§ EXERCISE BRIEF
Only the lines from the start of the material through the line containing "Lynx Biontech Diese" are to be extracted, exactly as they appear.

§ INPUT DATA
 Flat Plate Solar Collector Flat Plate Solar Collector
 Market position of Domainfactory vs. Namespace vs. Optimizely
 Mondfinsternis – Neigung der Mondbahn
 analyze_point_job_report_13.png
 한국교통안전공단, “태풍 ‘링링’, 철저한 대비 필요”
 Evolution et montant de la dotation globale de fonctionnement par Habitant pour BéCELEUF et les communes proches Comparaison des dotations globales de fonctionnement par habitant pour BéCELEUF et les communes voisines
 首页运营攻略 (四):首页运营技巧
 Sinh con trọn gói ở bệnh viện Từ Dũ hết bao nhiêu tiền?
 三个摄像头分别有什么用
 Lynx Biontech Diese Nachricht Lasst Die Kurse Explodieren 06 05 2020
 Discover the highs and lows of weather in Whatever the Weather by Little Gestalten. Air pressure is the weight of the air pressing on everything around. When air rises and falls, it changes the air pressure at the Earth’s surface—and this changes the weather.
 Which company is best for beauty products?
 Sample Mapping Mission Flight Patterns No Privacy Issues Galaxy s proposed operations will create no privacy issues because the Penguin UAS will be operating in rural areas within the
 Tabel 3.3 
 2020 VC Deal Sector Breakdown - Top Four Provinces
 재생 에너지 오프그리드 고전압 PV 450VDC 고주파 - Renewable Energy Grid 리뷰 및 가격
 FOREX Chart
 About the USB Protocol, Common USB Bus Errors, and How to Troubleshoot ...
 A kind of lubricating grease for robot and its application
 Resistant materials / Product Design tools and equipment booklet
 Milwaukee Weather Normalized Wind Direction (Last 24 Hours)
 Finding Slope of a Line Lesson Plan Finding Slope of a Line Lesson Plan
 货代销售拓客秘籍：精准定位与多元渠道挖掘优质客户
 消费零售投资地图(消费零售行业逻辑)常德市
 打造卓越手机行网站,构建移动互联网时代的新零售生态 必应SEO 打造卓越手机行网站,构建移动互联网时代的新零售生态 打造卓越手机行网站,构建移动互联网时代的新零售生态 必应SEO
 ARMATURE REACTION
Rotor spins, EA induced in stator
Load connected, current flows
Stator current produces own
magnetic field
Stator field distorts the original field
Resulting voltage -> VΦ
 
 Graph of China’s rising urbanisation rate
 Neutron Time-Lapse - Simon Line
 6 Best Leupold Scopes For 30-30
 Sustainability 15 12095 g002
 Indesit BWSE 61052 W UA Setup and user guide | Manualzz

§ OUTPUT
 Flat Plate Solar Collector Flat Plate Solar Collector
 Market position of Domainfactory vs. Namespace vs. Optimizely
 Mondfinsternis – Neigung der Mondbahn
 analyze_point_job_report_13.png
 한국교통안전공단, “태풍 ‘링링’, 철저한 대비 필요”
 Evolution et montant de la dotation globale de fonctionnement par Habitant pour BéCELEUF et les communes proches Comparaison des dotations globales de fonctionnement par habitant pour BéCELEUF et les communes voisines
 首页运营攻略 (四):首页运营技巧
 Sinh con trọn gói ở bệnh viện Từ Dũ hết bao nhiêu tiền?
 三个摄像头分别有什么用
 Lynx Biontech Diese Nachricht Lasst Die Kurse Explodieren 06 05 2020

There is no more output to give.